Data provided —
◆ ◆ ◆ ◆ ◆
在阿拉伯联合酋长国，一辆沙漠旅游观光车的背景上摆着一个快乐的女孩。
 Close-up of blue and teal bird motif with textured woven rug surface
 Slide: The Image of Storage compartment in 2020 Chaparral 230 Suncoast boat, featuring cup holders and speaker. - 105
◆ ◆ ◆ ◆ ◆
Activity — Repeat exactly the lines above from the line that contains "Close-up of blue" through the end. Include both of these ends; leave out everything else.

Exercise answer —
 Close-up of blue and teal bird motif with textured woven rug surface
 Slide: The Image of Storage compartment in 2020 Chaparral 230 Suncoast boat, featuring cup holders and speaker. - 105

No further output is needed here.